I saw this as part of the 2018 Latin American film festival. It’s directed by Alfonso Cuarón, who also directed Gravity and Children of Men. It’s filmed in black and white, and it looks at a year in the life of a middle-class family in the Roma suburb of Mexico City. It reminded me a lot of that other black and white film Of Time and the City, (which in that case was about Liverpool), in that the director is almost writing a love letter to the city of his memory. Lots of observations about class, being a woman, betrayal – and in beautifully clear Spanish! (subtitles in English). It’s very good

My rating: 4.5 stars

I hear with my little ear: Podcasts 6 -13 November 2018

Well, the mid-term elections are done and dusted, Jeff Sessions has been ordered to let himself out the door- what does it all mean? There’s a new Trumpdate episode of Russia If You’re Listening.

News in Slow Spanish Latino Episode #282

99%Invisible Episode 326 Welcome to Jurassic Art has a podcast about the depiction of dinosaurs and how it has changed as artists have been liberated to draw from analogy and imagination. I’ve often been amused looking a sketches of a dinosaur that show the one little tiny bone that has been discovered.

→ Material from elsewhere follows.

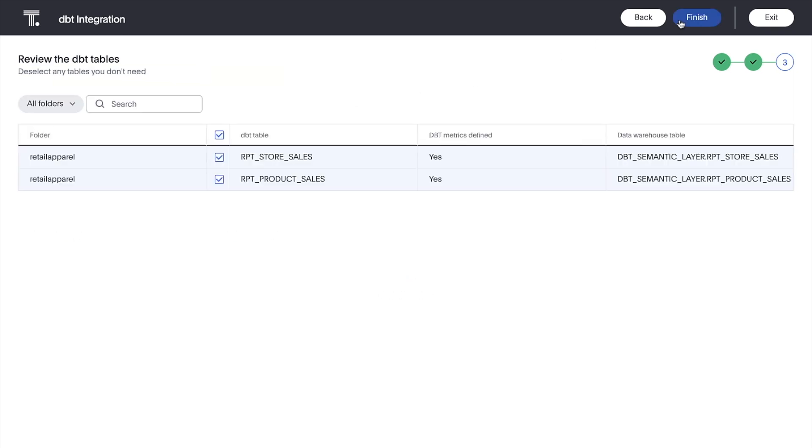Next, we can review the tables and deselect those we don't need. We can see the folder, the associated DBT tables, whether any metrics are defined in DBT, and the associated data warehouse tables.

Big Ideas. Kirsten McKenzie is one of the historians who influenced me most when I wrote my thesis on Judge Willis (see my review of A Swindler’s Progress which she released in 2009 ). In this podcast A scandalous empire she talks about colonial scandals – Viscount Lascelles in NSW and Chief Justice Wylde in the Cape Colony- and what they tell us about respectability and anxiety, and the bringing of social change. It’s a lecture recorded on 4 October 2018 at UWA Institute of Advanced Studies. The recording has not been kind: it’s rather shrill, (says she who is very self-conscious about her own voice) but the content is excellent.

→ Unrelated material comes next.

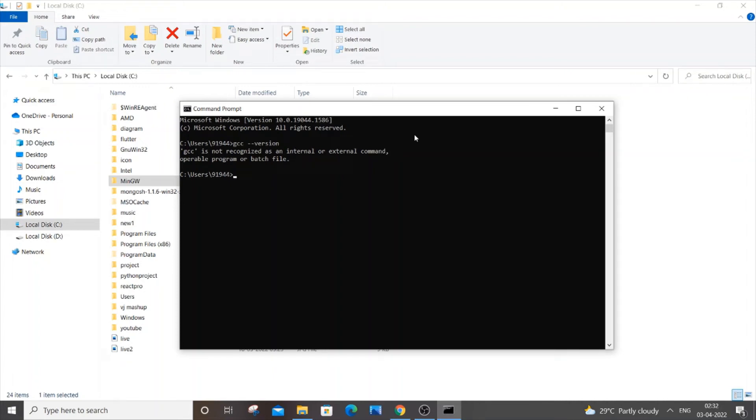Hello everyone, in this video I will be showing you how to solve the error 'gcc is not recognized as an internal or external command, operable program or batch file.' So let's get started. First we need to locate where the MinGW folder is present in our system.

Conversations.  Everybody’s favourite interviewer Richard Fidler talks with David Marr, who is so witty, arch and caustic. A rather more tentative and emotional interview subject is Louisa Deasey who talks about how she completely re-evaluated her view of her long-deceased father when she received a Facebook message from a stranger about a cache of letters a French family had found amongst their grandmother’s possessions. The episode Discovering a father’s secret life in France ties in with Deasey’s book A Letter from Paris. The interviewer Sarah Kanowski sure has to work hard to get this story out of a very nervous interviewee.